Without new tools like plantain, many dairy farmers in the catchment may struggle to meet council nitrogen-leaching targets – which is why DairyNZ has begun the potentially game-changing research project.

"Plantain did well, so we're now including it in our regular re-grassing programme," says McNaughton. "We're re-grassing about 12 per cent of the pasture a year, incorporating 2kg plantain with 25kg ryegrass and 4kg clover.

"Plantain has deep roots and is drought-tolerant, which is good for us because we're not irrigated and it can get very dry here in the summer."

Reducing nitrogen leaching in streams (like the Raparapawai Stream on McNaughton's property) will contribute to improving water quality across the catchment.

"…it will be a big step to plant [the targeted] 30 per cent plantain," says McNaughton. "To some extent, it will come down to cost. Herbs are just another species in the paddock but if the trials are successful, we'll aim to gradually increase plantain in our pastures until we reach 30 per cent."

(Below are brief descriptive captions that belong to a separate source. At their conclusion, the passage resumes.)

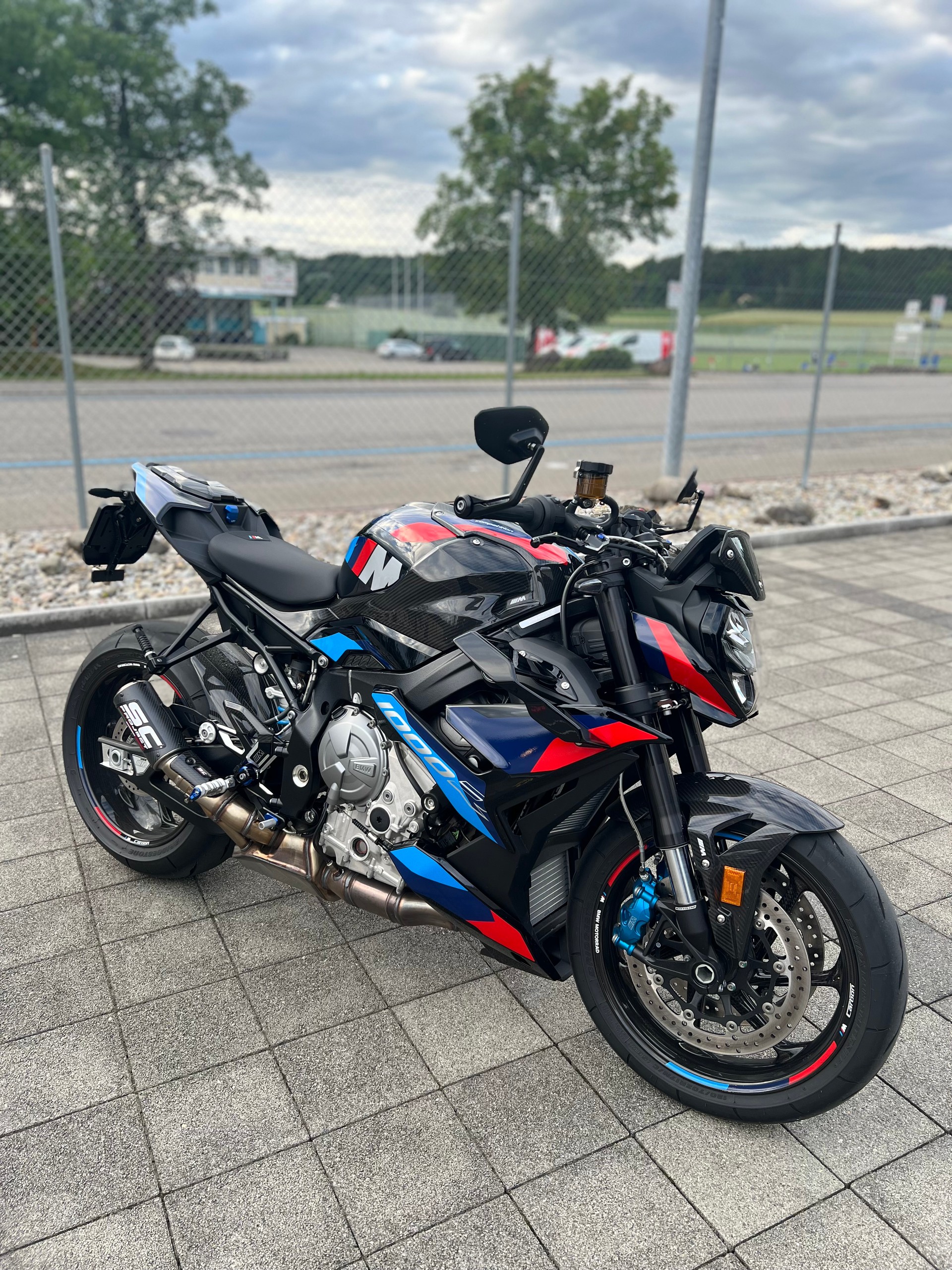 BMW M 1000 R-image-9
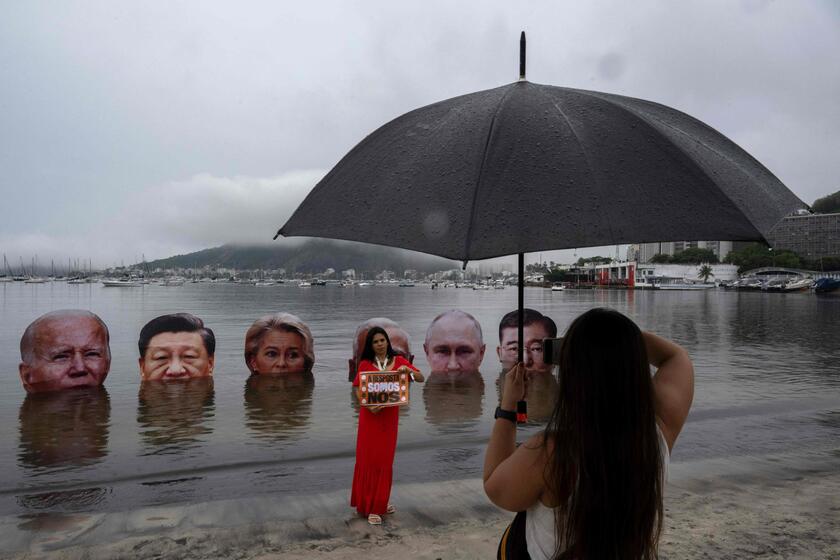 G20 - I volti dei leader sommersi dall'acqua, protesta dagli indigeni per la crisi climatica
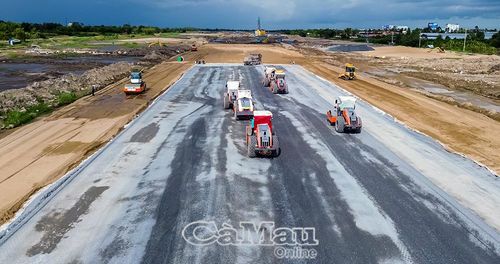 Công nhân thi công, đẩy nhanh tiến độ xây dựng đường băng cất, hạ cánh Cảng Hàng không Cà Mau. (Ảnh: Minh Luân)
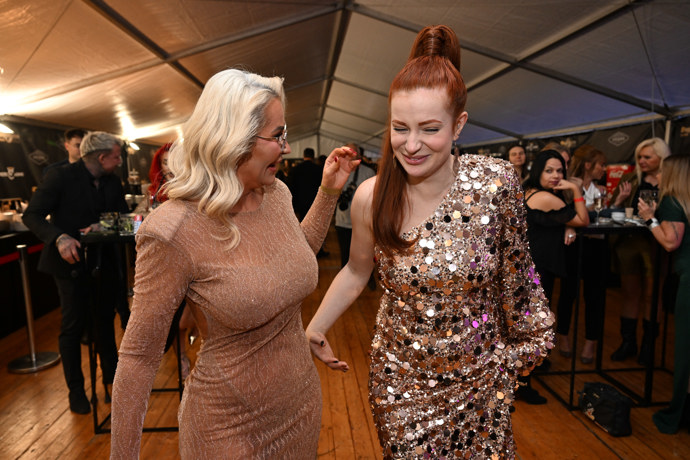 Lenka se večer bavila s každým.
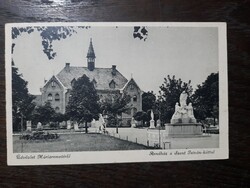 1940-körül Máriaremete Rendház a Szent István kúttal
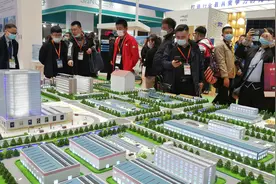 小沙盘大蓝图！不用电网电站即可发电 太阳能光伏助力乡村振兴图片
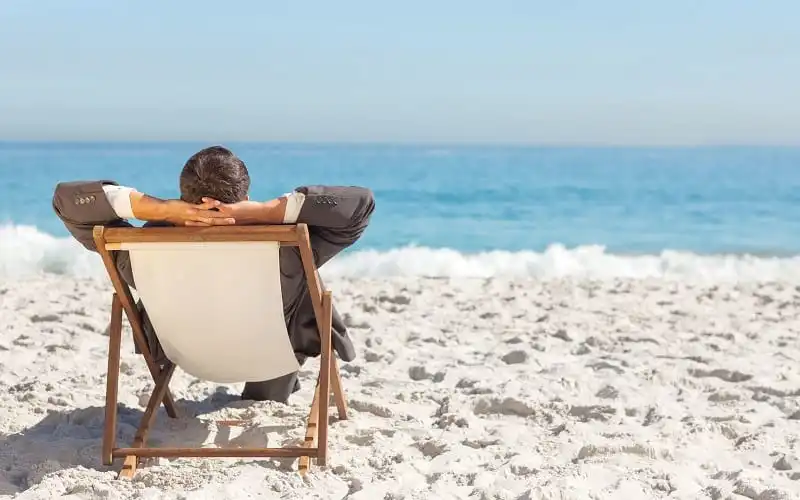 Email-tra-loi-tu-dong-khi-di-nghi-wanderlusttips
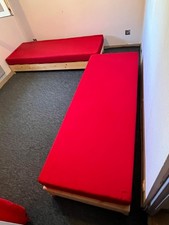 2 sommiers  en bois plus 2 matelas en mousse
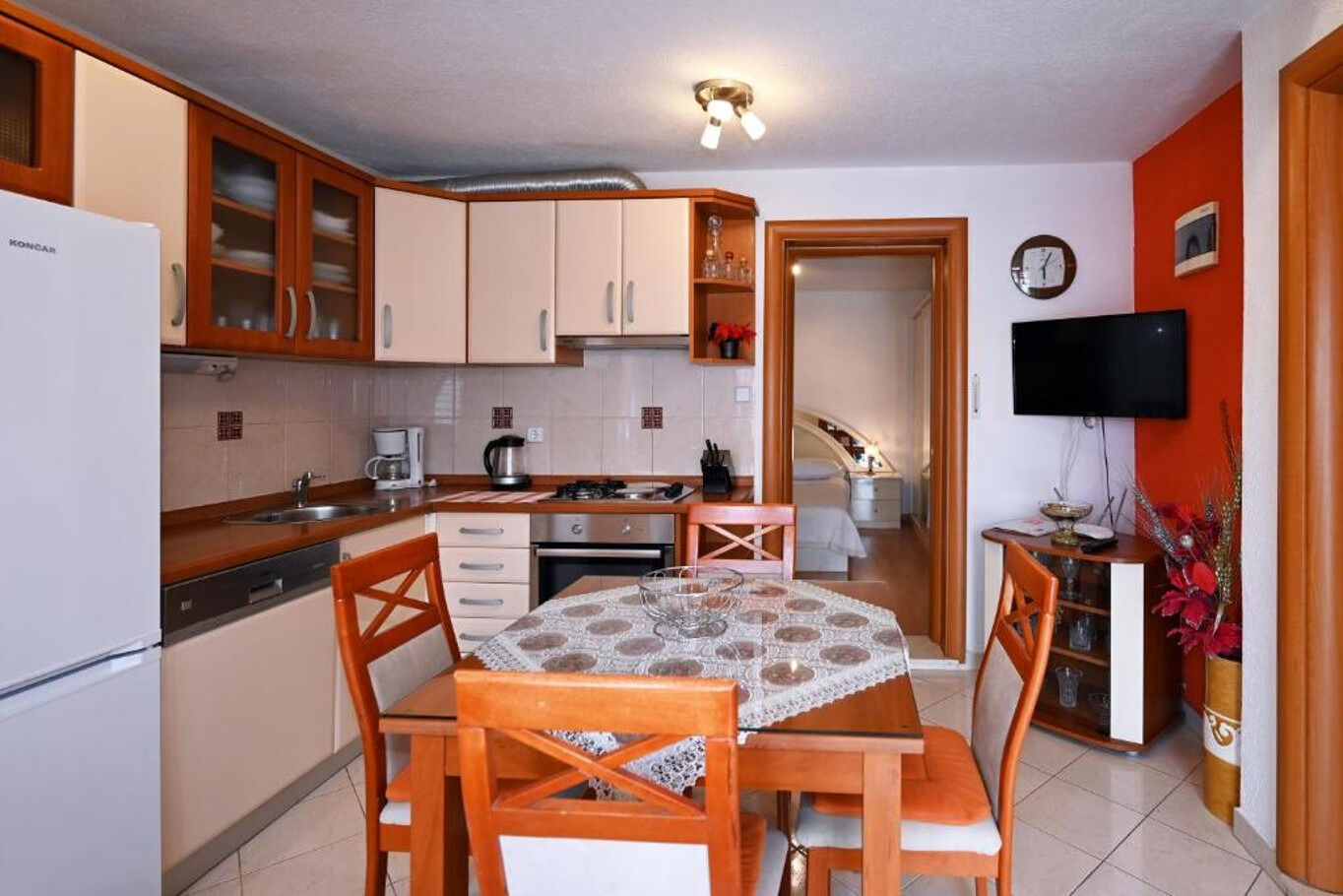 Apartment Mihovilovic 102361-A4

Neighbour Blair Castles says when he found out DairyNZ was suggesting plantain, he was keen to get on board: "To reach Horizons Regional Council targets, we have to reduce nitrogen leaching on our farm by 8-9 kilograms per hectare (kg/ha). All of us in the region need to get on board and do our best to be compliant."

In the upper Manawatu, a significant proportion of dairy farms are faced with reducing nitrogen leaching by an average of 60 per cent to meet targets outlined in the council's One Plan – a massive challenge.

DairyNZ's Tararua Plantain Project is helping farmers keep on top of nitrogen leaching, fast-tracking development of science through simultaneous research (locally and on research farms), recognising the size and urgency of the tasks ahead.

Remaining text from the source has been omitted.